1. 源码编译
- 下载地址
github选择branch 1.9(https://github.com/apache/flume/tree/flume-1.9)
git clone git@github.com:apache/flume.git
- 配置maven依赖库
下载完源码之后按照maven项目导入到idea中,然后配置maven的依赖库。
如果有国外代理可以不用配置,否则可将maven配置成国内的库,比如阿里云的maven库:
<mirror>
<id>nexus-aliyun</id>
<mirrorOf>*</mirrorOf>
<name>Nexus aliyun</name>
<url>http://maven.aliyun.com/nexus/content/groups/public</url>
</mirror>
<!--以上阿里云maven库的配置来自网络,作者未亲自验证,如遇问题请读者自行查资料解决。
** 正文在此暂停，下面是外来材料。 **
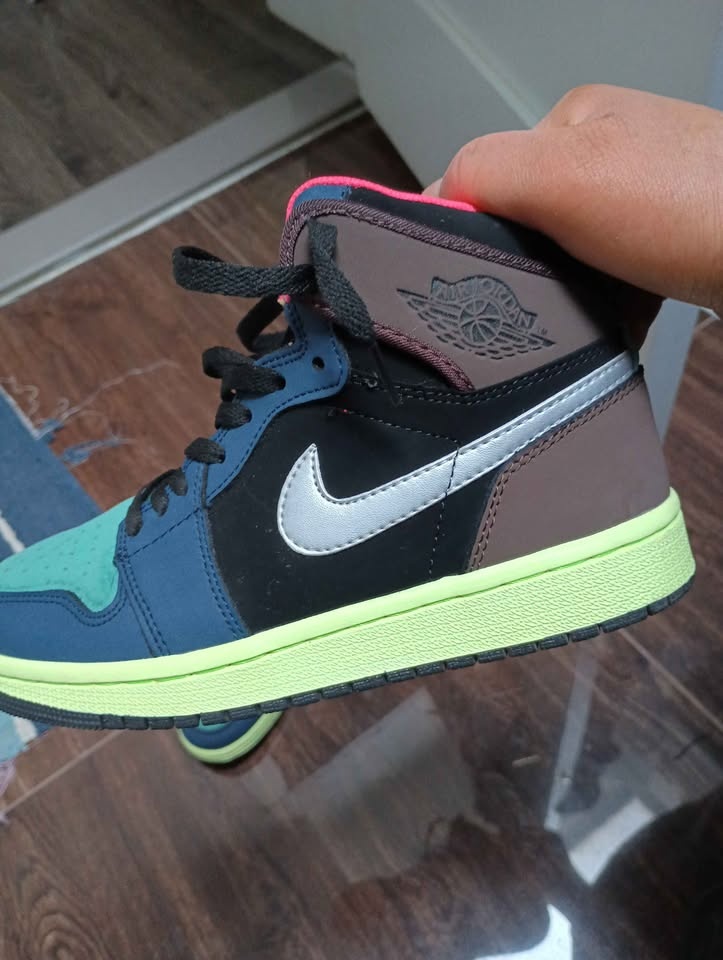 Nike Air Jordan 1 Retro High OG Sz 4 (EUR 37.5) - photo 4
-->
本人采用的是公司内部的maven库,依赖的包都比较全,编译很顺畅,没有出现网上遇到编译不通过的问题,所以此章节的配置请读者自行解决,网上有很多解决方案。
- 编译源码
如下命令编译源码:
mvn clean install -DskipTests
编译完成会在每个模块下看到各自相应的target文件夹,里面有编译之后的jar包。
[INFO] Reactor Summary:
[INFO]
[INFO] Build Support ...................................... SUCCESS [ 1.854 s]
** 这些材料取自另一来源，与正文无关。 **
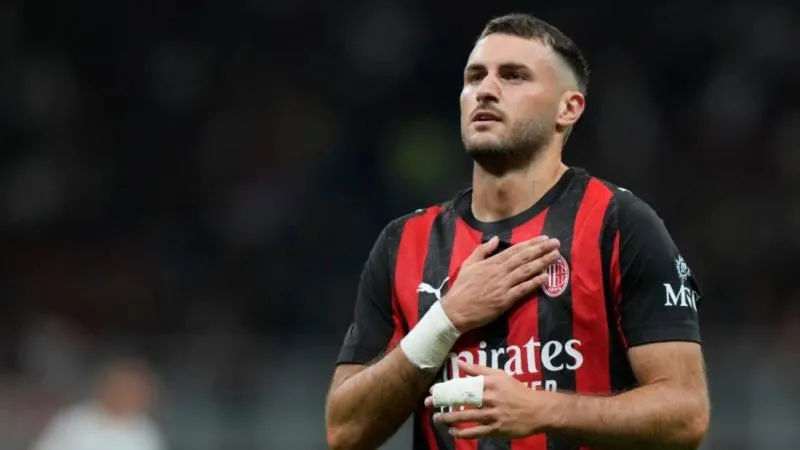 Santiago Giménez con el Milan | AP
[INFO] Apache Flume ....................................... SUCCESS [ 11.992 s]
[INFO] Flume NG SDK ....................................... SUCCESS [ 16.187 s]
[INFO] Flume NG Hadoop Credential Store Config Filter ..... SUCCESS [ 0.135 s]
[INFO] Flume NG Config Filters API ........................ SUCCESS [ 2.549 s]
[INFO] Flume NG Configuration ............................. SUCCESS [ 5.963 s]
[INFO] Flume Auth ......................................... SUCCESS [ 6.558 s]
[INFO] Flume NG Core ...................................... SUCCESS [ 18.504 s]
[INFO] Flume NG Sinks ..................................... SUCCESS [ 0.145 s]
[INFO] Flume NG HDFS Sink ................................. SUCCESS [ 8.566 s]
[INFO] Flume NG IRC Sink .................................. SUCCESS [ 3.347 s]
[INFO] Flume NG Channels .................................. SUCCESS [ 0.115 s]
[INFO] Flume NG JDBC channel .............................. SUCCESS [ 5.174 s]
[INFO] Flume NG file-based channel ........................ SUCCESS [ 11.072 s]
[INFO] Flume NG Spillable Memory channel .................. SUCCESS [ 3.804 s]
[INFO] Flume NG Node ...................................... SUCCESS [ 10.520 s]
[INFO] Flume NG Embedded Agent ............................ SUCCESS [ 3.632 s]
[INFO] Flume NG HBase Sink ................................ SUCCESS [ 7.410 s]
[INFO] Flume NG HBase2 Sink ............................... SUCCESS [ 8.654 s]
[INFO] Flume NG ElasticSearch Sink ........................ SUCCESS [ 4.994 s]
[INFO] Flume NG Morphline Solr Sink ....................... SUCCESS [ 6.844 s]
[INFO] Flume Shared Utils ................................. SUCCESS [ 0.067 s]
[INFO] Flume Shared Kafka ................................. SUCCESS [ 2.755 s]
[INFO] Flume Shared Kafka Test Utils ...................... SUCCESS [ 3.389 s]
[INFO] Flume Kafka Sink ................................... SUCCESS [ 3.689 s]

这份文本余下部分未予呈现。